How do you set up measurement in under two weeks?

  • Week 1:
    • Define the outcome and time window.
    • List 10–12 signals with simple weights.
    • Implement events in product analytics and marketing automation.
    • Build a daily job to compute 0–100 with 30‑day sliding window.
  • Week 2:
    • Add decay and negative weights.
    • Set thresholds from a quick back‑test.
    • Route actions and train teams.
    • Start a four‑week shadow log for version 2 improvements.
Ship quickly, then iterate based on lift and team feedback.

How do you score events and webinars well?

Treat events as high‑intent when they involve time commitment or two‑way interaction.
  • Registration: +10 if attended; +0 otherwise.
  • Live attendance: +20 for ≥30 minutes; +10 for 10–29 minutes.
  • Q&A or poll participation: +10.
  • On‑demand watch: +10 for ≥50% of content.
  • Booth scan: +15; meeting booked on site: +25.
Decay faster (half‑life 7–10 days) because event intent fades quickly unless followed by product actions.
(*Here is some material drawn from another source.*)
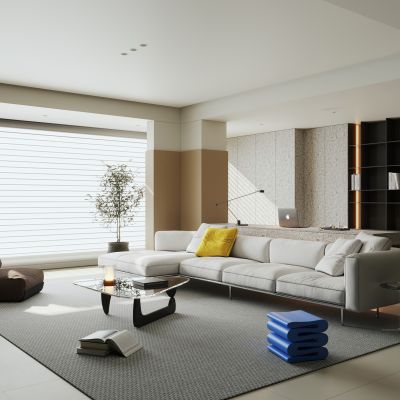 现代极简家居客厅 横厅 无主灯客厅 黑白灰客厅 大平层客厅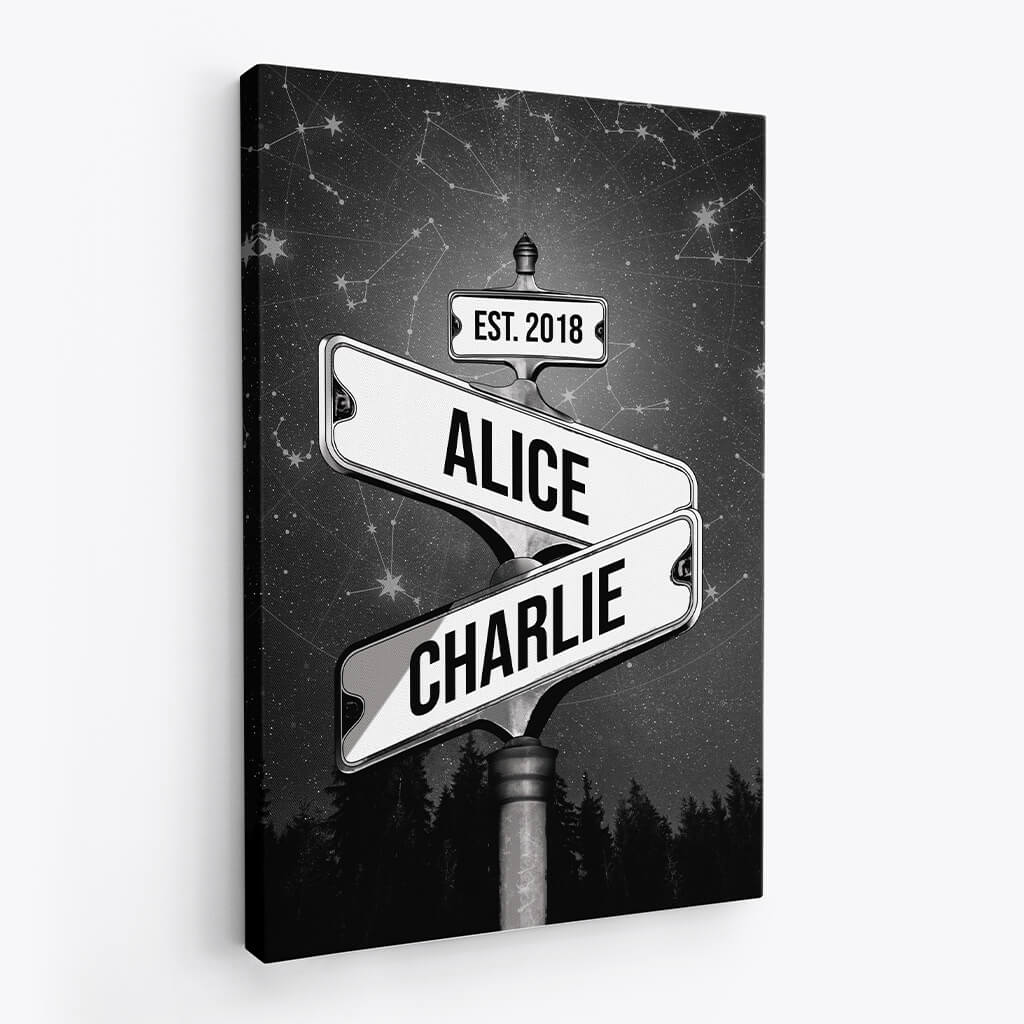3674CUK2 name vintage street sign star canvas personalised presents for couple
How do you extend to post‑sale health and expansion?

Blend product and relationship signals.
  • Health up: active days, breadth, team adoption, feature depth, positive NPS, time‑to‑value achieved.
  • Risk down: unresolved P1 tickets, executive sponsor churn, usage drop versus baseline, late invoices.
  • Expansion triggers: seat saturation, feature limits hit, new team invited, successful use cases expanded into new departments.
Route risks to success managers within 24 hours and expansion triggers to account managers with a tailored offer.
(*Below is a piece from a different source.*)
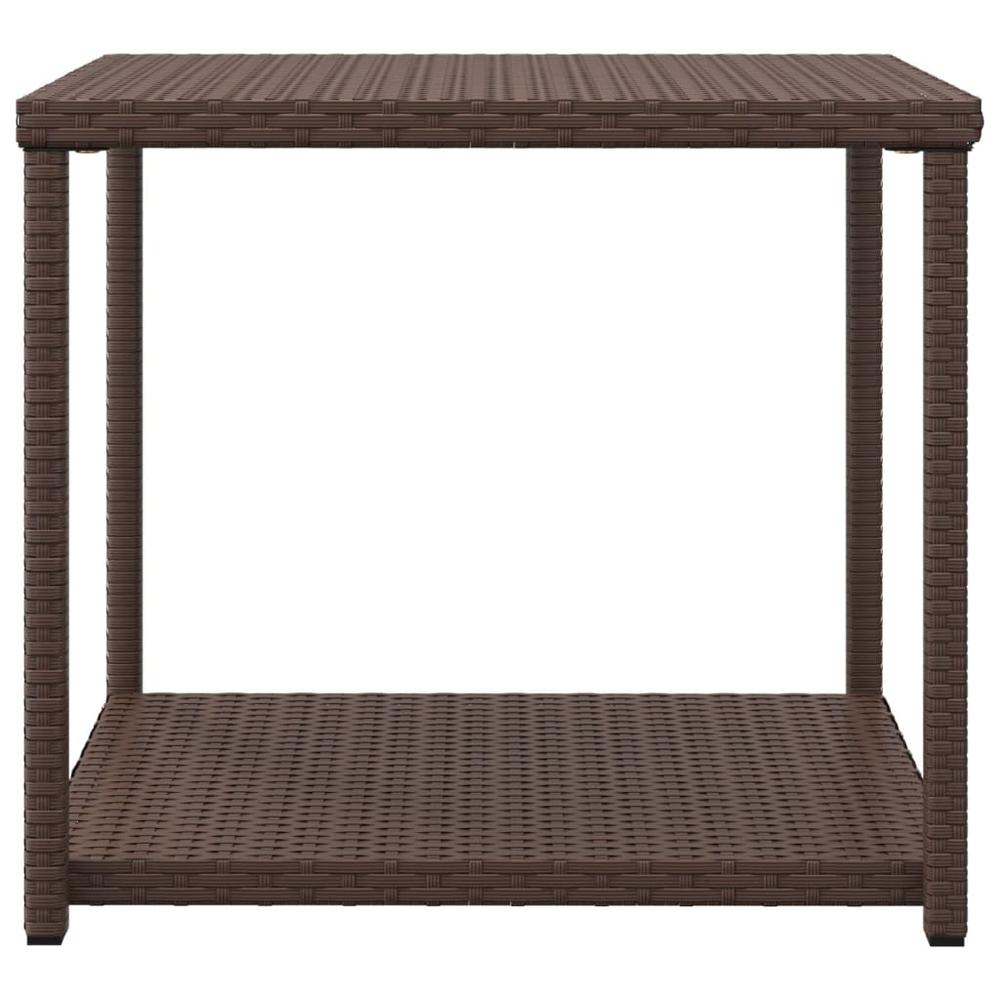 Side Table Brown 21.7"x17.7"x19.3" Poly Rattan. Picture 2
A quick glossary of related terms

  • Activity: a single event such as a click, login, or view.
  • Signal: a grouped set of activities intended to reflect intent or value (e.g., “evaluation intent”).
  • Weight: numeric importance assigned to a signal.
  • Decay: time‑based reduction in score when no new activity occurs.
  • Threshold: score value that triggers a workflow.
  • Band: a range of scores grouped for interpretation or routing.
  • Fit score: non‑behavioural score based on firmographics/demographics.
  • Account score: engagement aggregated across people in the same organisation.
  • Calibration: ensuring score bands map to observed conversion probabilities.
  • Drift: performance degradation over time due to behaviour or system changes.
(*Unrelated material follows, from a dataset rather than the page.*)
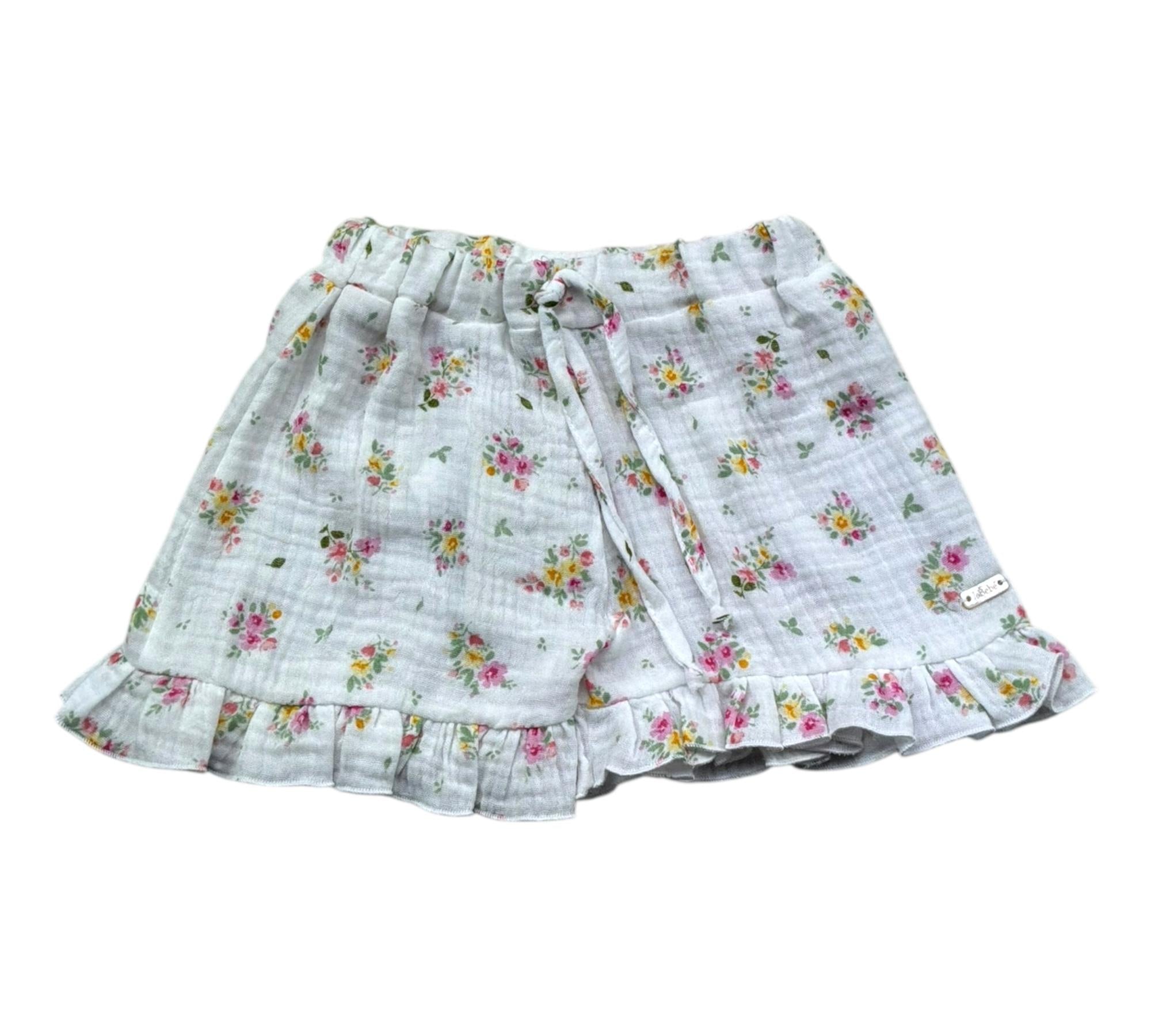 Le Bebe Short Tinta Unita Fantasia Floreale per Neonata LBG6253 BIANCO LE BEBE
Checklist to launch with confidence

  • Named outcome and time window.
  • 10–15 clear signals, each with a reason and weight.
  • Negative signals and time decay configured.
  • 0–100 scale with published thresholds and SLAs.
  • Back‑test demonstrating lift by band.
  • Dashboard with distribution, conversion by band, and top movers.
  • Documented governance and change log.
  • Training with real examples and “why now” explanations.

Final take

A good engagement scoring model is specific to your goal, simple enough to trust, and strict about recency and negative signals. Ship the smallest useful version, tie it to real actions, and keep tuning it against outcomes. When the score consistently helps teams focus and move faster, you’ve built the right one.